- WORK TO COMPLETE -
Look for "দ্বিতীয় থেকে নবম" in the listing below, then copy exactly the line it appears in and all lines after it to the end, and nothing more.

- DATA UNDER STUDY -

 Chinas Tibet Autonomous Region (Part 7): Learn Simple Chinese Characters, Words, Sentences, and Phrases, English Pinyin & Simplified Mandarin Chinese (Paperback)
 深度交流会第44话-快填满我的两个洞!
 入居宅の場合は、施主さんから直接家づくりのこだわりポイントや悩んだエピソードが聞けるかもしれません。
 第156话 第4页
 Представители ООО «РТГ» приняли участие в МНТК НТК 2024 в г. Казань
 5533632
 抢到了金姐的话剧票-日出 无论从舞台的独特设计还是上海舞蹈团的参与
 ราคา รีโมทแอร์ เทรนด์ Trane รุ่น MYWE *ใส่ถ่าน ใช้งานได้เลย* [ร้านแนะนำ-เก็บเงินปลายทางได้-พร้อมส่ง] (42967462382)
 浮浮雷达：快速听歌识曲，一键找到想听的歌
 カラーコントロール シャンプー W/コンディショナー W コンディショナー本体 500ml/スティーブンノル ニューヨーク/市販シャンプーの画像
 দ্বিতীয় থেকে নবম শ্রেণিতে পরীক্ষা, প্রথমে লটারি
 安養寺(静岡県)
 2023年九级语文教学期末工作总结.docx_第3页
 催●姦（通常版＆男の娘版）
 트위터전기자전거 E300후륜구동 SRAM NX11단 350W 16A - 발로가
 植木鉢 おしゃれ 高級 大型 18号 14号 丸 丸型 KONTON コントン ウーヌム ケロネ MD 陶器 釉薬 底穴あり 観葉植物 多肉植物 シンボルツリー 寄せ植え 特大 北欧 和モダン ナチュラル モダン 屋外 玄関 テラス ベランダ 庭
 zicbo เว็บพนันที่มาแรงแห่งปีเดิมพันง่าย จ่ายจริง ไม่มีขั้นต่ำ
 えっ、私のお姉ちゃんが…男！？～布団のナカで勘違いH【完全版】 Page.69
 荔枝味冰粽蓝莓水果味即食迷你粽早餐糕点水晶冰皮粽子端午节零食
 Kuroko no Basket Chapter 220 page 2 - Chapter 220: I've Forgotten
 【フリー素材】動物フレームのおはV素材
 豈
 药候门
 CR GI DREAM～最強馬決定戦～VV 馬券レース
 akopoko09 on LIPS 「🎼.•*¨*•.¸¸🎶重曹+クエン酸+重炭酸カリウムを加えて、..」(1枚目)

- RESPONSE TO THIS TASK -
 দ্বিতীয় থেকে নবম শ্রেণিতে পরীক্ষা, প্রথমে লটারি
 安養寺(静岡県)
 2023年九级语文教学期末工作总结.docx_第3页
 催●姦（通常版＆男の娘版）
 트위터전기자전거 E300후륜구동 SRAM NX11단 350W 16A - 발로가
 植木鉢 おしゃれ 高級 大型 18号 14号 丸 丸型 KONTON コントン ウーヌム ケロネ MD 陶器 釉薬 底穴あり 観葉植物 多肉植物 シンボルツリー 寄せ植え 特大 北欧 和モダン ナチュラル モダン 屋外 玄関 テラス ベランダ 庭
 zicbo เว็บพนันที่มาแรงแห่งปีเดิมพันง่าย จ่ายจริง ไม่มีขั้นต่ำ
 えっ、私のお姉ちゃんが…男！？～布団のナカで勘違いH【完全版】 Page.69
 荔枝味冰粽蓝莓水果味即食迷你粽早餐糕点水晶冰皮粽子端午节零食
 Kuroko no Basket Chapter 220 page 2 - Chapter 220: I've Forgotten
 【フリー素材】動物フレームのおはV素材
 豈
 药候门
 CR GI DREAM～最強馬決定戦～VV 馬券レース
 akopoko09 on LIPS 「🎼.•*¨*•.¸¸🎶重曹+クエン酸+重炭酸カリウムを加えて、..」(1枚目)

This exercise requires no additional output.